Is there anyway I can pass the Kerberos ticket with the job? (I know it might be dangerous since we don't want to pass the secret around), JobConf could pass the string to string pairs to Hadoop, but I have to convert the TGT to a json string and revert it during job running?

Or is it possible to use the delegation token reform TGT?

I tried to google it but not much information, anyone could help? Thank you.

**Editted:**

Looks like there's no easy way of doing this without passing the TGT to Hadoop, so I am going to try the following method by passing the TGT as string via job config map to Hadoop (String only), and convert the string back to TGT object when the job runs in Hadoop. The concern is I am going to pass the credentials over the network, which is not a best practice and one of the very reasons Hadoop didn't pass Kerberos around for security. If I could re-use the reformed TGT passed to Hadoop to get the service tickets, I will try to encrypt the TGT string as much as possible to avoid security issues.

So before starting a job in the local machine, the code would be like:

import sun.security.krb5.Credentials;  

Credentials tgt = Credentials.acquireTGTFromCache(null, null); // Make sure kinit is done before this

String tgtStr = tgt.convertToJsonString(); //Need to implement this

Job job = new Job("Test");
JobConf jobConf = job.getJobConf();
jobConf.set("tgtStr", tgtStr);
job.addTask(Test.class, "run", null);
job.submit();
job.waitForCompletion(true);

Then the function in the job for Hadoop to run would be like:

Configuration conf = TaskContext.get().getConfiguration();
String tgtStr = conf.get("tgtStr");
Credentials tgt = reformTGTFromString(tgtStr);//Need to implement this
Credentials serviceTicket = Credentials.acquireServiceCreds(servicePrincipal, tgt); //This is to get any service ticket

So I need to implement two function to stream TGT object (Credentials.class) to string and then reform it back to object.

Anyone knows a better solution for this? Thanks.

3
By disassembling the Credentials fields and convert them to Strings using Base64 encoder, form a JSON string and pass it to Hadoop using config map or distributed cache suggested by RVM, and then reform the Credentials object in the job running on Hadoop, I can get back the Kerberos TGT and successfully get any service tickets using it. So this method works, and the only thing here needs to be very cautious is the encryption of the keys that are passed over network.Drawyan
I know this is quite old, but with Java 8 now supporting Constrained Delegation (S4U); it may be possible to pass just a service ticket to Hadoop and then with the appropriately configured account request tickets to specific services.

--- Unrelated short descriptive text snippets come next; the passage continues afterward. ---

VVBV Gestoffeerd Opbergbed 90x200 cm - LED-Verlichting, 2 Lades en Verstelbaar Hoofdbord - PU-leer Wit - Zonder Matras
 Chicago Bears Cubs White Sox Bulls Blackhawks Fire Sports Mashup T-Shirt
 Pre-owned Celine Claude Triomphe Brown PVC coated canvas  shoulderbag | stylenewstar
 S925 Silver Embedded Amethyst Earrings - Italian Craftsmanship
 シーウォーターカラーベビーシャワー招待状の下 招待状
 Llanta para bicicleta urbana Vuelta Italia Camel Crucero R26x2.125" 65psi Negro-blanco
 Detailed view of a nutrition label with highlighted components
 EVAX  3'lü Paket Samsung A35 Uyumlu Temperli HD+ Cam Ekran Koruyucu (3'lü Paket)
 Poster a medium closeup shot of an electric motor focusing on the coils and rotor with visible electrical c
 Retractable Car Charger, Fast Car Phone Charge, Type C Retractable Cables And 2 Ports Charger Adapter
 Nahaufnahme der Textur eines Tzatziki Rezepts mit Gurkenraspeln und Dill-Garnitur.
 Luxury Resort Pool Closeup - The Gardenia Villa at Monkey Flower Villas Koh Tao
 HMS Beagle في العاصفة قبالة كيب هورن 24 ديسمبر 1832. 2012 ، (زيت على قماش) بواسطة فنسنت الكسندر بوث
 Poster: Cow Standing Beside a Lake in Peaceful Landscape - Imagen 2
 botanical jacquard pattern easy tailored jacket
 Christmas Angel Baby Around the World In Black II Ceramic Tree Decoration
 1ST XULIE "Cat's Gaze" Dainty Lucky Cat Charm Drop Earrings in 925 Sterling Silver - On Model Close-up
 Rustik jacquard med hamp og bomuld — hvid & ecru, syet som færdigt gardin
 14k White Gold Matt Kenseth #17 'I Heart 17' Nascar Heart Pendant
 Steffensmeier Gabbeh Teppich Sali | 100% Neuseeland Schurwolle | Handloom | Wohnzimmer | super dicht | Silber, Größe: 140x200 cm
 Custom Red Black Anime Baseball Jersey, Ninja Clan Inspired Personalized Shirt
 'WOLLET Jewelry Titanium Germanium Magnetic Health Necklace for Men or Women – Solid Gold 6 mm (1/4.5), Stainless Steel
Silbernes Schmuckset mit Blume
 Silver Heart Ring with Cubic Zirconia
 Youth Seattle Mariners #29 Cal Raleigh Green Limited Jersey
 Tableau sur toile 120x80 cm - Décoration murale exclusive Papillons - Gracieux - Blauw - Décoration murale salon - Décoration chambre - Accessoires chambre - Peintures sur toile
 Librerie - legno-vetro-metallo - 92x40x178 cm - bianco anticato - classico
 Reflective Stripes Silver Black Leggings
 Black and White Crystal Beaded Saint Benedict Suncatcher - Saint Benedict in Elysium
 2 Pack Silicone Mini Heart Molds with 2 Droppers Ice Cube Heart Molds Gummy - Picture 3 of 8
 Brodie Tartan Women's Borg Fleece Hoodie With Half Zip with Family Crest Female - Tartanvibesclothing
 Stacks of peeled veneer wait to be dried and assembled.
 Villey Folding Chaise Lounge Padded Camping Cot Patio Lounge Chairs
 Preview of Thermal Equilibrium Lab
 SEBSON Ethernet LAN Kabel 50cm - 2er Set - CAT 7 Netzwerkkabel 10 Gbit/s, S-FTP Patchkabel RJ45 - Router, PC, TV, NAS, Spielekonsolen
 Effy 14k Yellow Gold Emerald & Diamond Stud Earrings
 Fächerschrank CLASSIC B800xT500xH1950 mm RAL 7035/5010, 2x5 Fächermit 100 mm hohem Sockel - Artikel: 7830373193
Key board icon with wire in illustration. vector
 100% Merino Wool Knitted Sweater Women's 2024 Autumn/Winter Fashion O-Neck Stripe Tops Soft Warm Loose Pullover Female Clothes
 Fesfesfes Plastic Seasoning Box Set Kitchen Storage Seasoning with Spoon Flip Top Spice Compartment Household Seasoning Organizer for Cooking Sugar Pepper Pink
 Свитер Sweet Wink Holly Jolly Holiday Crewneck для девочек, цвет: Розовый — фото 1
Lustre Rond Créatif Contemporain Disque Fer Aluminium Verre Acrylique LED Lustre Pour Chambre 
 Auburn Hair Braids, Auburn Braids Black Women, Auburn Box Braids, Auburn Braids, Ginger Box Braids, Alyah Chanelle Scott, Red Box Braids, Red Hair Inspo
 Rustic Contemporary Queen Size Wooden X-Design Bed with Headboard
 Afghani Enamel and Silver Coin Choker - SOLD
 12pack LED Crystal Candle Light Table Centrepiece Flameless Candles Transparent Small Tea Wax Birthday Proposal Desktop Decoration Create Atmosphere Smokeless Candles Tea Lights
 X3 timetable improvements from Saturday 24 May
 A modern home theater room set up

Java 8 - S4UTheNorthWes

3 Answers

2
votes

Please see the design at http://carfield.com.hk:8080/document/distributed/hadoop-security-design.pdf , if you have not done so already.

Or is it possible to use the delegation token reform TGT? No, the delegation tokens are issued by Hadoop name node and while it is based on the Kerberos authentication, it is independent and you can not derive the Kerberos TGT from it.

In the original design, we considered using solely Kerberos(without any additional tokens), which would have made your plan easy but decided against it for these reasons:

Performance:

  • Thousands of M/R tasks may need to get the Kerberos tickets at the same time
  • Kerberos credentials need to be renewed before the expiry For scheduled jobs, this will be an issue
  • Delegation tokens don’t depend on Kerberos and can be coupled with non-Kerberos authentication mechanisms- (such as SSL) used at the edge.

In your case, you can use a private distributed cache and send the forwardable TGT. I think this will be OK but need to think about it some more. Obviously you need to make sure your implementation is secure, that your tickets have minimally necessary lifetime, IP channel bindings are used if possible and restrict the use of tickets only to authorized processes.

2
votes

By disassembling the Credentials fields and convert them to Strings using Base64 encoder, form a JSON string and pass it to Hadoop using config map or distributed cache suggested by RVM, and then reform the Credentials object in the job running on Hadoop, I can get back the Kerberos TGT and successfully get any service tickets using it. So this method works, and the only thing here needs to be very cautious is the encryption of the keys that are passed over network.

1
votes

First of all, your account has to have delegation enabled. The service ticket has to request a forwardable ticket. If that is all true, Hadoop has to retrieve the delegated credential from the GSSContext and construct a new one on behalf of you. With that new TGT it will be able to perform further steps. Use Wireshark to check the ticket for hadoop.